Il mondo delle ricariche delle auto elettriche è quindi complicato da questo aspetto particolare che sta cambiando le regole del gioco. Il carburante si immetteva nel serbatoio solo in area di servizio. Ma la corrente nelle celle si può caricare a casa, al lavoro, al supermercato, in hotel o, infine, in area di servizio.

Per utility, case petrolifere e case auto questo diventa un dilemma perché crea anche una disparità tra investimenti e flussi di ricavi. Mentre le infrastrutture rapide o ultra-rapide costano care e saranno utilizzate relativamente poco, perché la clientela farà attentamente i conti su tariffe poco convenienti, tutti appaiono invece interessati a prendere clienti del settore domestico.

Per le utility italiane come Enel X o A2A, ma anche per i colossi europei presenti in Italia come EDF (Edison), Engie, E.on entrare nel settore della ricarica per le auto elettriche è una logica continuazione ed espansione dell’attività convenzionale di fornitura di elettricità. In altri termini in questo ambito non si allontanano dal loro abituale core business.

Ma quel 40% di installazioni decise direttamente presso il concessionario auto aiuta a capire perché al recente Salone Auto di Francoforte due case che hanno svelato nuovi modelli elettrici tra i più attesi come Volkswagen con ID.3 e Honda con E, abbiano contemporaneamente presentato un loro wallbox da vendere a margine della nuova auto.

Se le case auto non vogliono infatti entrare in campo nell’infrastruttura, sembra esserci almeno un settore, quello dell’infrastruttura casalinga o rivolta alle piccole imprese per cui sembrano disposte a fare una eccezione. Non ci sono dubbi che i gruppi auto ed i loro concessionari siano già alla ricerca di ricavi alternativi.

La manutenzione dei veicoli elettrici si prevede infatti meno intensa di quelli tradizionali, con una distribuzione dei tagliandi più diradata rispetto a quella che oggi si tende a pianificare.

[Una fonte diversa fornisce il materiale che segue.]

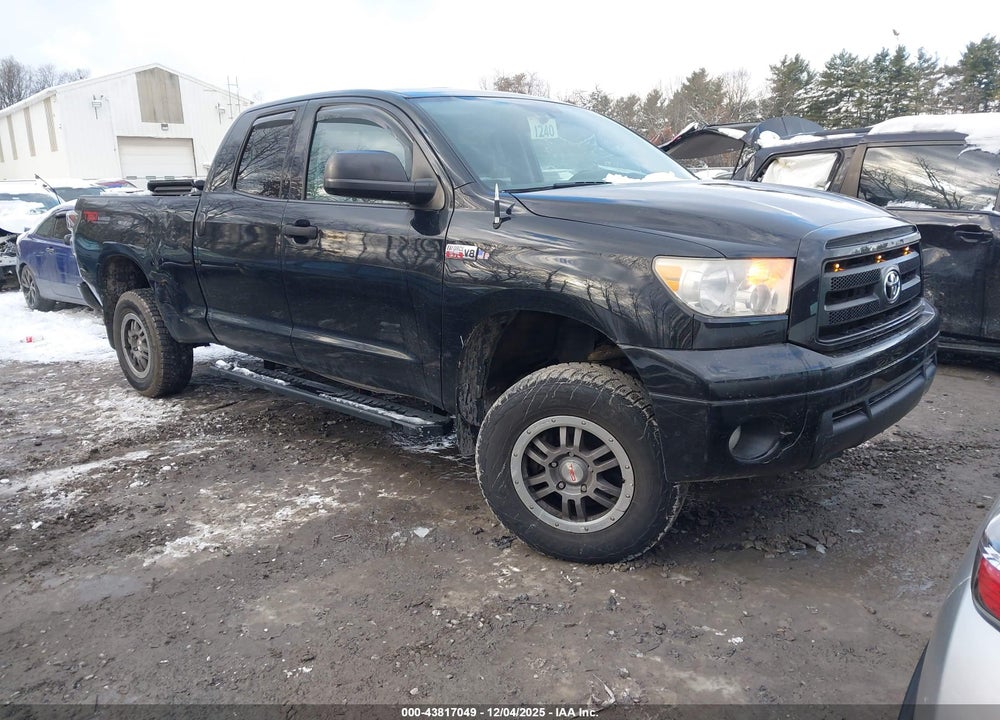 2013 TOYOTA TUNDRA GRADE 5.7L V8 VIN: 5TFUY5F14DX315033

Così, tenendo presente il calo di visite future nelle officine, i venditori tenderanno a fare leva sulla fase di ogni nuovo contratto di auto elettrica o ibrida plug-in per piazzargli i wallbox in garage.

Per la clientela delle nuove elettriche la cosa potrebbe persino rivelarsi un affare: il nuovo wallbox Volkswagen almeno al lancio in Germania sarà proposto al prezzo molto favorevole di €399. Se si pensa che la potenza arriverà a 11 kW, si tratta di un prezzo più favorevole, ad esempio, di un altro nuovo arrivato, il wallbox entry-level di ENI Gas&Luce, il gruppo italiano dell’energia che da pochi giorni offre alla clientela anche questo servizio. L’apparecchio residenziale di ENI Gas&Luce da 3,7 kW costa infatti €999.